| Problem requirements |
All entries must be given again in full, exactly as they were supplied.

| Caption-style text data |
━━━━━━━━━━━━━━━━
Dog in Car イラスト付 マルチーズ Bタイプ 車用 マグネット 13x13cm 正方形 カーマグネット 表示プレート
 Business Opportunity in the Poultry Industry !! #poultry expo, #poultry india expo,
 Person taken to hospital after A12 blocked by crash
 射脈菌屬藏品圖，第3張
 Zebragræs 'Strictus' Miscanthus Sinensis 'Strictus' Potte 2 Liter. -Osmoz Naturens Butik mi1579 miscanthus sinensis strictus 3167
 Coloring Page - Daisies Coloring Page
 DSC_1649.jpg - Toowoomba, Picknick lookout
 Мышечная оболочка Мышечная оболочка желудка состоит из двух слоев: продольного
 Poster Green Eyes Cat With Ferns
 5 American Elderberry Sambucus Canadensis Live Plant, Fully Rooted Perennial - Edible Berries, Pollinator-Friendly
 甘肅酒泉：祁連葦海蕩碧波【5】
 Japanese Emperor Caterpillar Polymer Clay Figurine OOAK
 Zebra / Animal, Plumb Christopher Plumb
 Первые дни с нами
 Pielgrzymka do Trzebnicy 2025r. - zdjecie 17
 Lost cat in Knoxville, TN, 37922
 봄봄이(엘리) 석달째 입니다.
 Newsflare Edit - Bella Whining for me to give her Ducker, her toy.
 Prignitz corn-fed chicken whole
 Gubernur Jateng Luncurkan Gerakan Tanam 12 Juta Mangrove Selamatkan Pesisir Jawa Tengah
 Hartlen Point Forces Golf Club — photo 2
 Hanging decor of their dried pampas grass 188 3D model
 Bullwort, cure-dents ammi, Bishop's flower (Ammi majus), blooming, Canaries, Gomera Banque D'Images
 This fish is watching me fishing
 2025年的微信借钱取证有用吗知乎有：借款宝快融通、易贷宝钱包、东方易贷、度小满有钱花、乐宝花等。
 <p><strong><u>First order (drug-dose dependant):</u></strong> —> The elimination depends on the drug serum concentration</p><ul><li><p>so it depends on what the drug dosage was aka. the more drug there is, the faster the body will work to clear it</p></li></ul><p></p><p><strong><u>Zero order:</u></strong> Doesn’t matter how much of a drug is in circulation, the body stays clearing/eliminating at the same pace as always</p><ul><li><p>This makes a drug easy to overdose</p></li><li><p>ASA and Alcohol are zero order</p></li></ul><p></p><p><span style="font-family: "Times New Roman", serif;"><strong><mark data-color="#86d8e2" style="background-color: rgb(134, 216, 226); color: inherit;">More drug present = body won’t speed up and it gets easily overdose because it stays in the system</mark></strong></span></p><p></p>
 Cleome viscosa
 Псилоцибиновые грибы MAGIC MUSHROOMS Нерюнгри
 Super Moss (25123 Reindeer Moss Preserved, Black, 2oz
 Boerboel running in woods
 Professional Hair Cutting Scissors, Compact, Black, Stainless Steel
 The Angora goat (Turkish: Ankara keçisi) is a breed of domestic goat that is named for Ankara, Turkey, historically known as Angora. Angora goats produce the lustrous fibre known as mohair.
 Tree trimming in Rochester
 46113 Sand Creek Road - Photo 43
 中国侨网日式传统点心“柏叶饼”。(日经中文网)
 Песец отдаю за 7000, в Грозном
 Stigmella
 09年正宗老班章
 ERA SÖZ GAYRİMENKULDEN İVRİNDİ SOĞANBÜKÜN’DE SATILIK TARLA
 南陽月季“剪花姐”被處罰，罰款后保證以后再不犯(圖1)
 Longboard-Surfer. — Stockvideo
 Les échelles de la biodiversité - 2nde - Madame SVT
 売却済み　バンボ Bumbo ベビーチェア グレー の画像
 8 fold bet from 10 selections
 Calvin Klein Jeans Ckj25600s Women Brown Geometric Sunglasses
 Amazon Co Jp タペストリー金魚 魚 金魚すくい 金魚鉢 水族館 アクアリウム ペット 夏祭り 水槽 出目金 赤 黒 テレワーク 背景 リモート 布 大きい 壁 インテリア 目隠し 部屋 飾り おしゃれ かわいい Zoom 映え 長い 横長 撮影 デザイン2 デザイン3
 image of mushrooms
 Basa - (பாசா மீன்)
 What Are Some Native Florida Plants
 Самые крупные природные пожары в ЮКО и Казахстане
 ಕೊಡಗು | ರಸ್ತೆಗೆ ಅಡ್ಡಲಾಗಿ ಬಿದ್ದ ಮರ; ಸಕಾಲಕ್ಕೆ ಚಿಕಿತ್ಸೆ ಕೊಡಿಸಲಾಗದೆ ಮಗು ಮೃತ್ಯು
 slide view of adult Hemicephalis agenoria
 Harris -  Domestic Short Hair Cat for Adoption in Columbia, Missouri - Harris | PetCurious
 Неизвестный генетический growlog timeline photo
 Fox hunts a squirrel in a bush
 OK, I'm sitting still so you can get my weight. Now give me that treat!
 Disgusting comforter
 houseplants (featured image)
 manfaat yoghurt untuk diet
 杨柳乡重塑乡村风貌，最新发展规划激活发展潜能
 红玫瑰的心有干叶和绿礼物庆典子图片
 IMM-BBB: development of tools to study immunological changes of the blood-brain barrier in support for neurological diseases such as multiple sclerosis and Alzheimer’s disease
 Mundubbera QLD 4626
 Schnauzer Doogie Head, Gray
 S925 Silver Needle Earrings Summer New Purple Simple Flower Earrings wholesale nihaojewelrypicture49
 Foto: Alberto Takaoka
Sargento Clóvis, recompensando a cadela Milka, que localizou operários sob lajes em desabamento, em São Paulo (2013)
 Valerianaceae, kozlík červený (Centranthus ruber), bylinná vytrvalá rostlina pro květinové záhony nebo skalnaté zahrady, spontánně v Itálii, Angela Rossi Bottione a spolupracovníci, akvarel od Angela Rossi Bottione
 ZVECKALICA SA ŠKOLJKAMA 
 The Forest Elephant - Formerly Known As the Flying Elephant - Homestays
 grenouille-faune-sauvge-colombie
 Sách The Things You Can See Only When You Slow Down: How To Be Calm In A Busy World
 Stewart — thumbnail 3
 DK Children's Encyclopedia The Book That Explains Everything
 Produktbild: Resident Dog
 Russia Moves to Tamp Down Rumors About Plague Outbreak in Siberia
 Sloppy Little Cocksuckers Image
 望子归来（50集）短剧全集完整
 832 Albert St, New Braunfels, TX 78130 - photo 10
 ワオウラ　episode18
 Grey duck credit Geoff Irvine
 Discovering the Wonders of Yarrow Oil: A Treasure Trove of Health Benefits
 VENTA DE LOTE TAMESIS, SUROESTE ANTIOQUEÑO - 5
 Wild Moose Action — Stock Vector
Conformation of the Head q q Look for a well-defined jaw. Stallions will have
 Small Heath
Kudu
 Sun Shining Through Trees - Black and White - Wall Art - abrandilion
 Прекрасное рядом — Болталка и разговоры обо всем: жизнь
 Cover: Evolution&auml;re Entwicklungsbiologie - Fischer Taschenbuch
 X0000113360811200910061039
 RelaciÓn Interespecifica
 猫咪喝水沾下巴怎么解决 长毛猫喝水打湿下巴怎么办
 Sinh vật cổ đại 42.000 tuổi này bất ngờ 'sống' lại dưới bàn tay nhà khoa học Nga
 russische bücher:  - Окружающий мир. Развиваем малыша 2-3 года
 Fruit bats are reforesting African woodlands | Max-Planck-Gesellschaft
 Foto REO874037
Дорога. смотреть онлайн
━━━━━━━━━━━━━━━━
| Response to the exercise |
Dog in Car イラスト付 マルチーズ Bタイプ 車用 マグネット 13x13cm 正方形 カーマグネット 表示プレート
 Business Opportunity in the Poultry Industry !! #poultry expo, #poultry india expo,
 Person taken to hospital after A12 blocked by crash
 射脈菌屬藏品圖，第3張
 Zebragræs 'Strictus' Miscanthus Sinensis 'Strictus' Potte 2 Liter. -Osmoz Naturens Butik mi1579 miscanthus sinensis strictus 3167
 Coloring Page - Daisies Coloring Page
 DSC_1649.jpg - Toowoomba, Picknick lookout
 Мышечная оболочка Мышечная оболочка желудка состоит из двух слоев: продольного
 Poster Green Eyes Cat With Ferns
 5 American Elderberry Sambucus Canadensis Live Plant, Fully Rooted Perennial - Edible Berries, Pollinator-Friendly
 甘肅酒泉：祁連葦海蕩碧波【5】
 Japanese Emperor Caterpillar Polymer Clay Figurine OOAK
 Zebra / Animal, Plumb Christopher Plumb
 Первые дни с нами
 Pielgrzymka do Trzebnicy 2025r. - zdjecie 17
 Lost cat in Knoxville, TN, 37922
 봄봄이(엘리) 석달째 입니다.
 Newsflare Edit - Bella Whining for me to give her Ducker, her toy.
 Prignitz corn-fed chicken whole
 Gubernur Jateng Luncurkan Gerakan Tanam 12 Juta Mangrove Selamatkan Pesisir Jawa Tengah
 Hartlen Point Forces Golf Club — photo 2
 Hanging decor of their dried pampas grass 188 3D model
 Bullwort, cure-dents ammi, Bishop's flower (Ammi majus), blooming, Canaries, Gomera Banque D'Images
 This fish is watching me fishing
 2025年的微信借钱取证有用吗知乎有：借款宝快融通、易贷宝钱包、东方易贷、度小满有钱花、乐宝花等。
 <p><strong><u>First order (drug-dose dependant):</u></strong> —> The elimination depends on the drug serum concentration</p><ul><li><p>so it depends on what the drug dosage was aka. the more drug there is, the faster the body will work to clear it</p></li></ul><p></p><p><strong><u>Zero order:</u></strong> Doesn’t matter how much of a drug is in circulation, the body stays clearing/eliminating at the same pace as always</p><ul><li><p>This makes a drug easy to overdose</p></li><li><p>ASA and Alcohol are zero order</p></li></ul><p></p><p><span style="font-family: "Times New Roman", serif;"><strong><mark data-color="#86d8e2" style="background-color: rgb(134, 216, 226); color: inherit;">More drug present = body won’t speed up and it gets easily overdose because it stays in the system</mark></strong></span></p><p></p>
 Cleome viscosa
 Псилоцибиновые грибы MAGIC MUSHROOMS Нерюнгри
 Super Moss (25123 Reindeer Moss Preserved, Black, 2oz
 Boerboel running in woods
 Professional Hair Cutting Scissors, Compact, Black, Stainless Steel
 The Angora goat (Turkish: Ankara keçisi) is a breed of domestic goat that is named for Ankara, Turkey, historically known as Angora. Angora goats produce the lustrous fibre known as mohair.
 Tree trimming in Rochester
 46113 Sand Creek Road - Photo 43
 中国侨网日式传统点心“柏叶饼”。(日经中文网)
 Песец отдаю за 7000, в Грозном
 Stigmella
 09年正宗老班章
 ERA SÖZ GAYRİMENKULDEN İVRİNDİ SOĞANBÜKÜN’DE SATILIK TARLA
 南陽月季“剪花姐”被處罰，罰款后保證以后再不犯(圖1)
 Longboard-Surfer. — Stockvideo
 Les échelles de la biodiversité - 2nde - Madame SVT
 売却済み　バンボ Bumbo ベビーチェア グレー の画像
 8 fold bet from 10 selections
 Calvin Klein Jeans Ckj25600s Women Brown Geometric Sunglasses
 Amazon Co Jp タペストリー金魚 魚 金魚すくい 金魚鉢 水族館 アクアリウム ペット 夏祭り 水槽 出目金 赤 黒 テレワーク 背景 リモート 布 大きい 壁 インテリア 目隠し 部屋 飾り おしゃれ かわいい Zoom 映え 長い 横長 撮影 デザイン2 デザイン3
 image of mushrooms
 Basa - (பாசா மீன்)
 What Are Some Native Florida Plants
 Самые крупные природные пожары в ЮКО и Казахстане
 ಕೊಡಗು | ರಸ್ತೆಗೆ ಅಡ್ಡಲಾಗಿ ಬಿದ್ದ ಮರ; ಸಕಾಲಕ್ಕೆ ಚಿಕಿತ್ಸೆ ಕೊಡಿಸಲಾಗದೆ ಮಗು ಮೃತ್ಯು
 slide view of adult Hemicephalis agenoria
 Harris -  Domestic Short Hair Cat for Adoption in Columbia, Missouri - Harris | PetCurious
 Неизвестный генетический growlog timeline photo
 Fox hunts a squirrel in a bush
 OK, I'm sitting still so you can get my weight. Now give me that treat!
 Disgusting comforter
 houseplants (featured image)
 manfaat yoghurt untuk diet
 杨柳乡重塑乡村风貌，最新发展规划激活发展潜能
 红玫瑰的心有干叶和绿礼物庆典子图片
 IMM-BBB: development of tools to study immunological changes of the blood-brain barrier in support for neurological diseases such as multiple sclerosis and Alzheimer’s disease
 Mundubbera QLD 4626
 Schnauzer Doogie Head, Gray
 S925 Silver Needle Earrings Summer New Purple Simple Flower Earrings wholesale nihaojewelrypicture49
 Foto: Alberto Takaoka
Sargento Clóvis, recompensando a cadela Milka, que localizou operários sob lajes em desabamento, em São Paulo (2013)
 Valerianaceae, kozlík červený (Centranthus ruber), bylinná vytrvalá rostlina pro květinové záhony nebo skalnaté zahrady, spontánně v Itálii, Angela Rossi Bottione a spolupracovníci, akvarel od Angela Rossi Bottione
 ZVECKALICA SA ŠKOLJKAMA 
 The Forest Elephant - Formerly Known As the Flying Elephant - Homestays
 grenouille-faune-sauvge-colombie
 Sách The Things You Can See Only When You Slow Down: How To Be Calm In A Busy World
 Stewart — thumbnail 3
 DK Children's Encyclopedia The Book That Explains Everything
 Produktbild: Resident Dog
 Russia Moves to Tamp Down Rumors About Plague Outbreak in Siberia
 Sloppy Little Cocksuckers Image
 望子归来（50集）短剧全集完整
 832 Albert St, New Braunfels, TX 78130 - photo 10
 ワオウラ　episode18
 Grey duck credit Geoff Irvine
 Discovering the Wonders of Yarrow Oil: A Treasure Trove of Health Benefits
 VENTA DE LOTE TAMESIS, SUROESTE ANTIOQUEÑO - 5
 Wild Moose Action — Stock Vector
Conformation of the Head q q Look for a well-defined jaw. Stallions will have
 Small Heath
Kudu
 Sun Shining Through Trees - Black and White - Wall Art - abrandilion
 Прекрасное рядом — Болталка и разговоры обо всем: жизнь
 Cover: Evolution&auml;re Entwicklungsbiologie - Fischer Taschenbuch
 X0000113360811200910061039
 RelaciÓn Interespecifica
 猫咪喝水沾下巴怎么解决 长毛猫喝水打湿下巴怎么办
 Sinh vật cổ đại 42.000 tuổi này bất ngờ 'sống' lại dưới bàn tay nhà khoa học Nga
 russische bücher:  - Окружающий мир. Развиваем малыша 2-3 года
 Fruit bats are reforesting African woodlands | Max-Planck-Gesellschaft
 Foto REO874037
Дорога. смотреть онлайн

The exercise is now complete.